I'm writing to you from the future, to let you know in advance that you're going to grow up to be unhappy and unsatisfied on nearly every level if you continue on your present course. Depending on when you get this, you'll be in high school or nearly finished with high school or even possibly in college. So I'm only going to try to cover the major items.

- If you ever find yourself clutching a bottle of hot sauce in a blind rage, count to ten before you hurl it at a wall. In fact, count to ten twice. And then drop it regardless of how you feel. Trust me on this one.

- Work harder in college. Just do it. Whenever you think you're working hard enough, work even harder.

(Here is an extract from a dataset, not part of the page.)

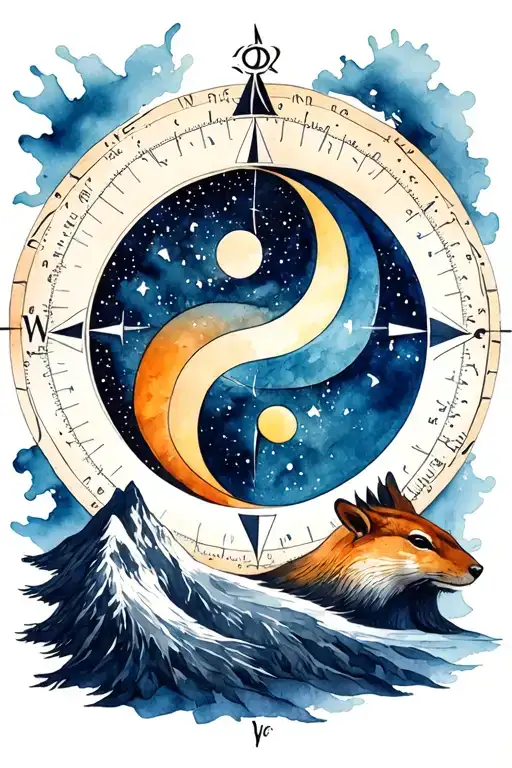 Ying Yang Of Mongoose And Mountain Night Sky With Map Compass Background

- The homecoming queen that you're utterly in love with won't even remember the dates you're going to share after high school. She'll wind up in Florida a homeless drug addict and you'll not be able to bring yourself to invite her into your life. Get over her. I know she's a sweetheart and all that. Just get over it.

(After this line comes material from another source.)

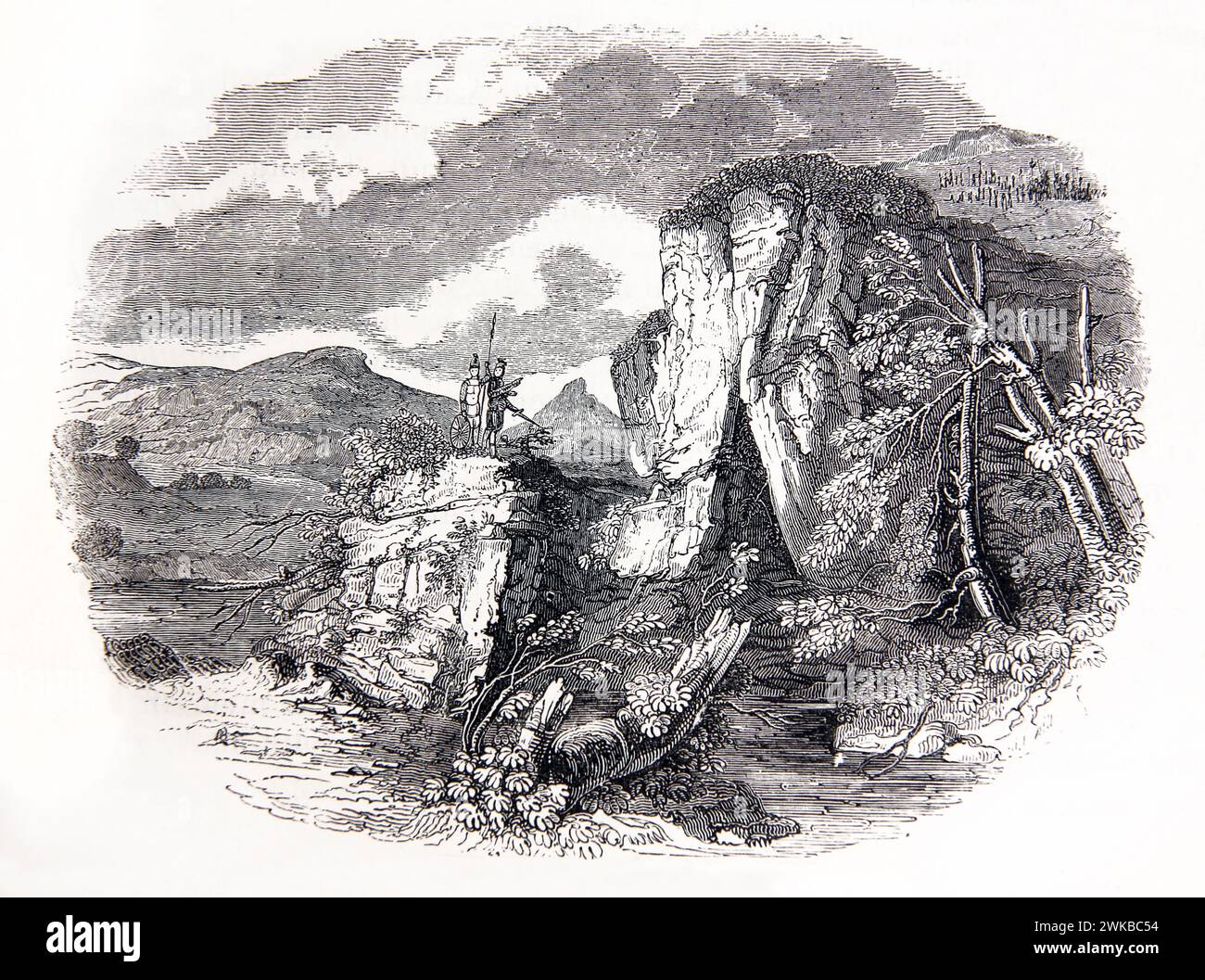 Illustration de Jonathan et son porteur d'armure grimpèrent sur la falaise et tuèrent les Philistins dans une attaque secrète d'Antique Illustrated Family Bibl Banque D'Images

- You'll have a chance to buy "Weird Love" by The Scientists on something called compact disc. I know you don't have a CD player yet. Buy it. Just do it. The same goes for all those Plasticland titles.

- I know you think Nirvana is kind of lame, but Cobain will blow his brains out after the band's third album. So go see them in concert with the rest of your friends and stop trying to be so cool.

- As fun as it might seem to you now, that whole British goth-rock thing is an artistic dead end. The Mission UK? The Sister of Mercy? Red Lory Yellow Lorry? Bauhaus? Gene Loves Jezebel? Let me put it to you plainly: I know that you're basically listening to EVERYTHING these days, but you might as well forget that bullshit and get into Sonic Youth. You're going to dig them by 1986 or so anyway. Why not get started sooner?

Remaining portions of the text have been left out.